Advice on unsigned int (Gangnam Style edition)

Question

The video "Gangnam Style" (I'm sure you've heard it) just exceeded 2 billion views on youtube. In fact, Google says that they never expected a video to be greater than a 32-bit integer... which alludes to the fact that Google used int instead of unsigned for their view counter. I think they had to re-write their code a bit to accommodate larger views.

Checking their style guide: https://google-styleguide.googlecode.com/svn/trunk/cppguide.html#Integer_Types

...they advise "don't use an unsigned integer type," and give one good reason why: unsigned could be buggy.

It's a good reason, but could be guarded against. My question is: is it bad coding practice in general to use unsigned int?

What a stupid rule: "don't use unsigned type". I can think of a million use cases for unsigned types. — Cory Kramer, Dec 03 '14 at 15:13
I totally disagree with that guideline. The problem with their example is that they're using `i >= 0` as a condition when `i` is an `unsigned int` - that's just stupid. Of course the condition is always going to be true. In fact, in this case, `unsigned int` has done its job! It's never negative! — Joseph Mansfield, Dec 03 '14 at 15:13
I don't agree with that rule either perhaps it is out of fear of corner cases that can happen when you mix signed and unsigned type like in my [answer here](http://stackoverflow.com/a/22047204/1708801) but honestly using the correct warning flags and static analysis should catch these issues. — Shafik Yaghmour, Dec 03 '14 at 15:16
@JosephMansfield I think they realise it's stupid, but it's something that can and has happened. And I see how it could. — keyser, Dec 03 '14 at 15:16
@keyser I can see how many mistakes can happen, but that doesn't mean I start using the wrong tools just to avoid making mistakes with the right tools. — Joseph Mansfield, Dec 03 '14 at 15:20
@JosephMansfield You shouldn't :) Some guidelines are in place for sub-optimal reasons. — keyser, Dec 03 '14 at 15:21
They don't prohibit unsigned types totally. "When appropriate, you are welcome to use standard types like **`size_t`** and `ptrdiff_t`." — Anton Savin, Dec 03 '14 at 15:36
@AntonSavin In fact, their rule is the one I've seen in every shop I've worked in. It seems to be widely accepted by professional programmers; the unsigned types in C++ are often categorized as being broken. (Probably overstatement, but they don't behave well for numeric values.) — James Kanze, Dec 03 '14 at 16:10
OTOH unsigned types are less likely to format your harddisk. — MSalters, Dec 04 '14 at 07:44
@MSalters Yes and no. Arithmetic with them never results in undefined behavior. But unless proper precautions are taken, any arithmetic can result in invalid values for the context they are being used in. Which can, in turn, result in undefined behavior.
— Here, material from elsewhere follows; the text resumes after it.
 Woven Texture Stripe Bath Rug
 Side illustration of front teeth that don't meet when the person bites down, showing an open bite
The idea that using `unsigned` as an index, rather than `int`, will guarantee that your index is in bounds, is ludicrous. (I don't think you're claiming such, but it is, fundamentally, the underlying argument in favor of using `unsigned` rather than `int` for indices.) — James Kanze, Dec 05 '14 at 12:53

score 13 · Answer 1 · answered Dec 03 '14 at 16:06

13

The Google rule is widely accepted in professional circles. The problem is that the unsigned integral types are sort of broken, and have unexpected and unnatural behavior when used for numeric values; they don't work well as a cardinal type. For example, an index into an array may never be negative, but it makes perfect sense to write abs(i1 - i2) to find the distance between two indices. Which won't work if i1 and i2 have unsigned types.
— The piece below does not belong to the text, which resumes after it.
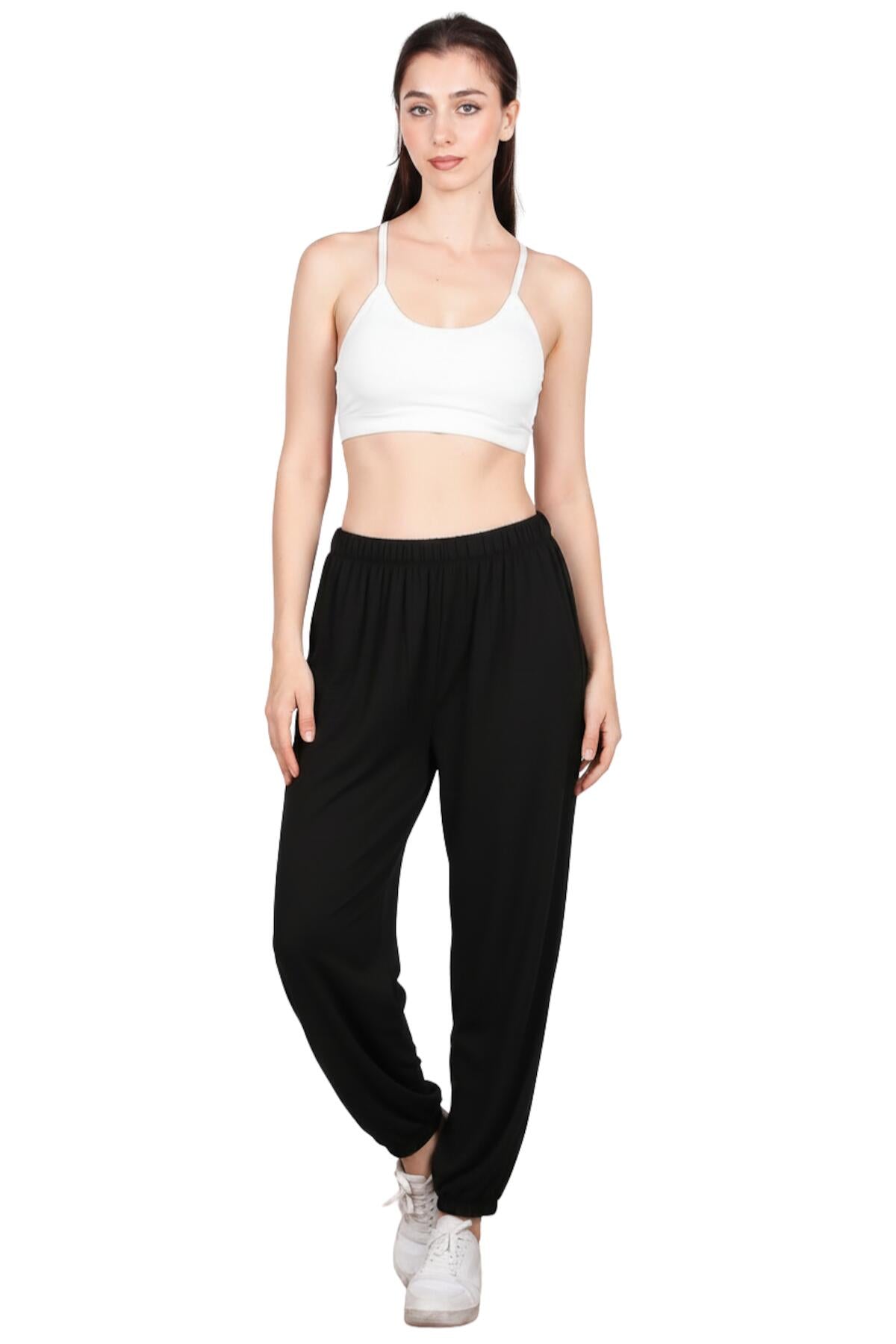 Zijwaarts te Strikken Shalwar Broek — Zwart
As a general rule, this particular rule in the Google style guidelines corresponds more or less to what the designers of the language intended. Any time you see something other than int, you can assume a special reason for it. If it is because of the range, it will be long or long long, or even int_least64_t. Using unsigned types is generally a signal that you're dealing with bits, rather than the numeric value of the variable, or (at least in the case of unsigned char) that you're dealing with raw memory.

With regards to the "self-documentation" of using an unsigned: this doesn't hold up, since there are almost always a lot of values that the variable cannot (or should not) take, including many positive ones. C++ doesn't have sub-range types, and the way unsigned is defined means that it cannot really be used as one either.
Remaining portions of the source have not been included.